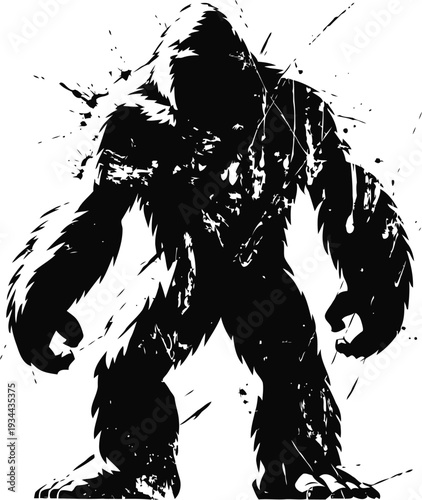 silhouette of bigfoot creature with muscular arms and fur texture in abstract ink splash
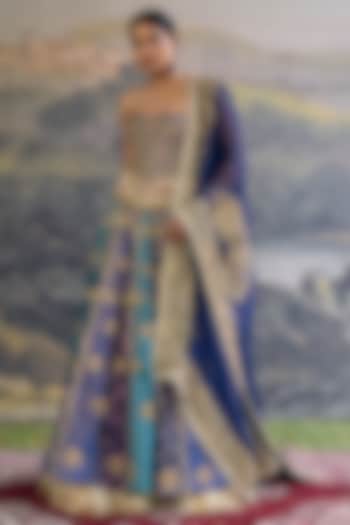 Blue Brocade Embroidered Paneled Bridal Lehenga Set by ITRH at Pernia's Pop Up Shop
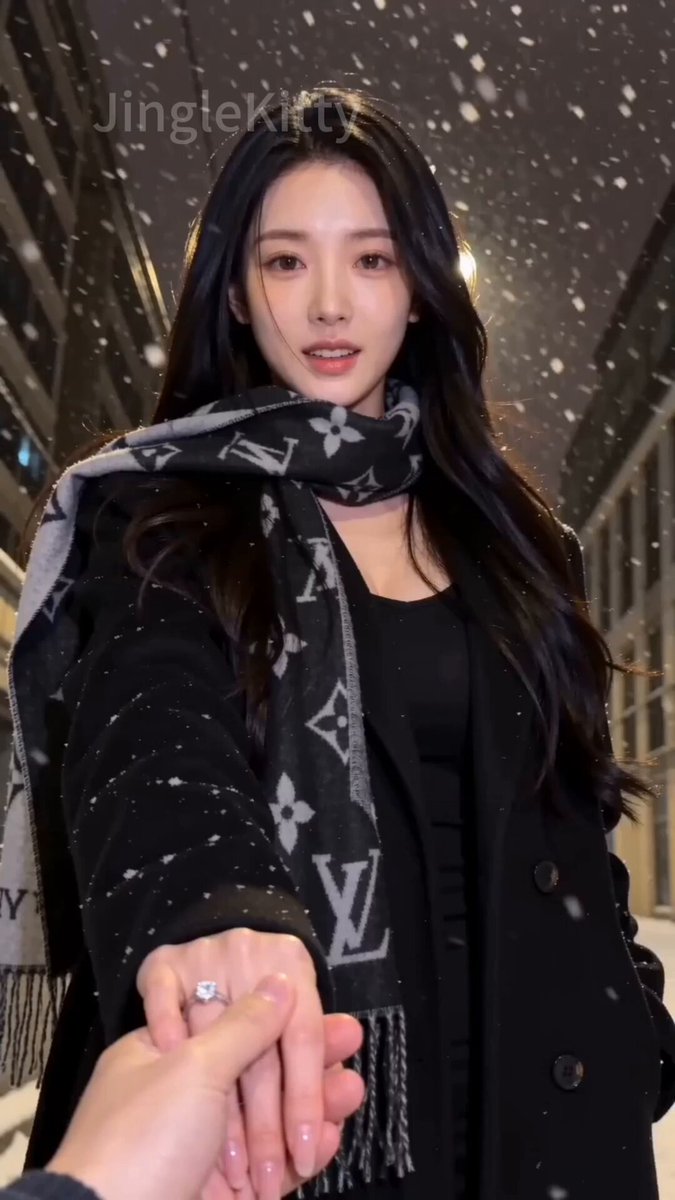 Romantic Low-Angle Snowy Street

**What the task asks:**
Exact repetition of each line above is expected; images are to be omitted.

**Completed task:**
 silhouette of bigfoot creature with muscular arms and fur texture in abstract ink splash
 Blue Brocade Embroidered Paneled Bridal Lehenga Set by ITRH at Pernia's Pop Up Shop
 Romantic Low-Angle Snowy Street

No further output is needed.